EU Inc. and the “28th regime”: breakthrough or another layer?

On March 18, the European Commission unveiled EU Inc., a corporate framework allowing entrepreneurs to register a company operable across all 27 Member States in 48 hours, for under €100, with no minimum share capital. 

EU Inc., supposedly the starting point of the “28th regime”, seeks to address a real and well-documented problem: European entrepreneurs who wish to scale across EU borders currently face 27 national legal systems and more than 60 distinct company legal forms. For an SME with limited legal budget and lean teams, this fragmentation is a structural barrier that can delay market entry by weeks or months, inflate compliance costs, and tilt the competitive playing field against smaller players. 

Symptomatic of this broader failure is the “Delaware flip”, a well-known practice of European founders incorporating in the United States, precisely in Delaware, to access a single, investor-friendly legal framework. According to the Draghi Report (2024), roughly 10% of the EU scale-ups relocate abroad, with approximately 85% heading to the US. Between 2008 and 2021, nearly 30% of European “unicorns” (startup companies valued at over US$1 billion) relocated their headquarters, predominantly across the Atlantic. While these might seem like mere statistics, they actually represent thousands of jobs, tax revenues, and innovation ecosystems that Europe has lost due to structural inertia.
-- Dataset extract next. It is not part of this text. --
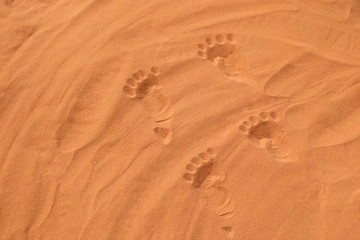 foot prints in the desert sand in summer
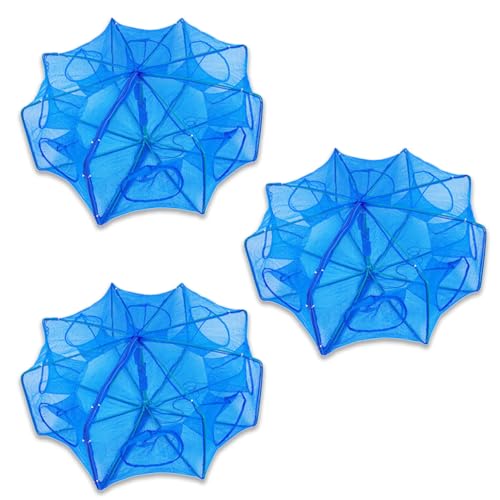 HIRAISM   d|   Gr Jj    ܏ lbg ԑŐs v (8 3Zbg)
Against this backdrop, the EU Inc. proposal deserves a genuine welcome. The Commission has opted for a regulation under article 114 TFEU, a decision of considerable significance: once approved by the Council and the Parliament, it will apply directly and uniformly across the 27 national legal orders. This is a first indication of the Commission’s responsiveness to the SME communities that have long warned of the inefficacy of a directive, which usually results in more fragmentation under a different label.

On the substance, several features of this proposal are genuinely promising for SMEs. Firstly, the abolition of minimum share capital requirements removes an entry barrier that has historically excluded small businesses from incorporation. Secondly, the once-only data submission principle reduces paperwork across jurisdictions, cutting an administrative drag that usually drains SMEs resources. Thirdly, the simplification of the insolvency framework for innovative startups supports entrepreneurial risk-taking. As the EU seeks to strengthen its competitive position against giants such as the US and China, removing the deterrent of burdensome insolvency proceedings proves vital for dynamism.

And yet, EU Inc. is a corporate law reform, not a comprehensive competitiveness strategy. The most significant operational barriers that SMEs encounter when scaling across the EU, from taxation to labour law, from VAT compliance to regulatory reporting, are explicitly left untouched by the proposal. 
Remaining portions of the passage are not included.